IRS Commissioner, Danny Werfel, emphasized the risks associated with such false promotions: “Aggressive promoters present wildly misleading claims about this credit. They can pocket handsome fees while leaving those claiming the credit at risk of having the claims denied or facing scenarios where they need to repay the credit.”
In response to this issue, the IRS has expanded its workforce to handle ERC claims, which often involve the processing of amended tax returns and are thus time-consuming. Despite the increase in invalid claims resulting from these marketing strategies, the IRS is committed to processing valid claims as quickly as possible while safeguarding against fraud.
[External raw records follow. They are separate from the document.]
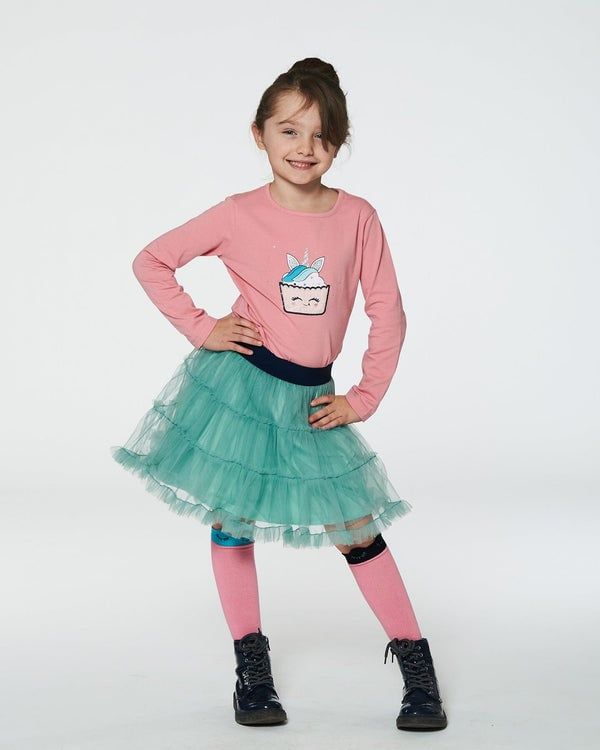 DPD FA24 G Uni CupCake Shirt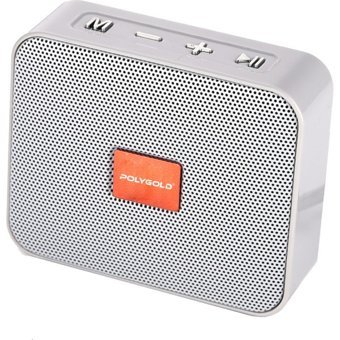 Polygold TG-166 Gri Bluetooth Hoparlör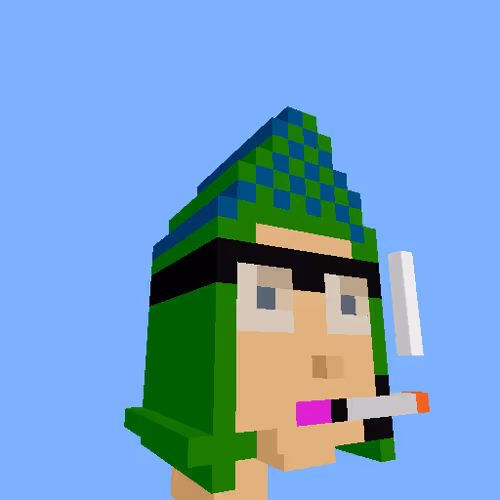 Punksvoxels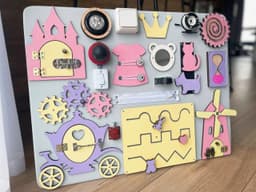image-Busy Board MAXI (purple)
Businesses and tax-exempt organizations considering applying for this credit are urged to carefully review the official requirements for this limited program before proceeding. The IRS has been proactive in issuing warnings about aggressive ERC scams, even including it on the agency’s list of the ‘Dirty Dozen’ tax scams that people should be wary of.
An improper claim of the ERC can result in the credit needing to be repaid, potentially with penalties and interest. This could leave a business or tax-exempt group in a worse cash position than if they had never claimed the credit.
The IRS has provided several warning signs of aggressive ERC marketing that businesses should watch out for. These include unsolicited calls or advertisements mentioning an “easy application process,” promises of determining ERC eligibility within minutes, large upfront fees to claim the credit, and fees based on a percentage of the refund amount of ERC claimed. Additionally, claims of qualification before a thorough discussion of the group’s tax situation and aggressive suggestions to submit a claim because there’s nothing to lose, are red flags to be cautious of.
The IRS is also warning about promoters who fail to explain critical details such as accurate eligibility requirements or how the credit is computed. One example given is the failure of promoters to explain that only recovery startup businesses are eligible for the ERC in the fourth quarter of 2021.
The IRS is urging businesses and tax-exempt groups to remain vigilant against these misleading marketing tactics and scams. It is of utmost importance to understand the rules and requirements of the ERC thoroughly before applying to avoid falling victim to these fraudulent schemes. In doing so, small business owners can ensure they are claiming any credits they are eligible for without putting their businesses at risk.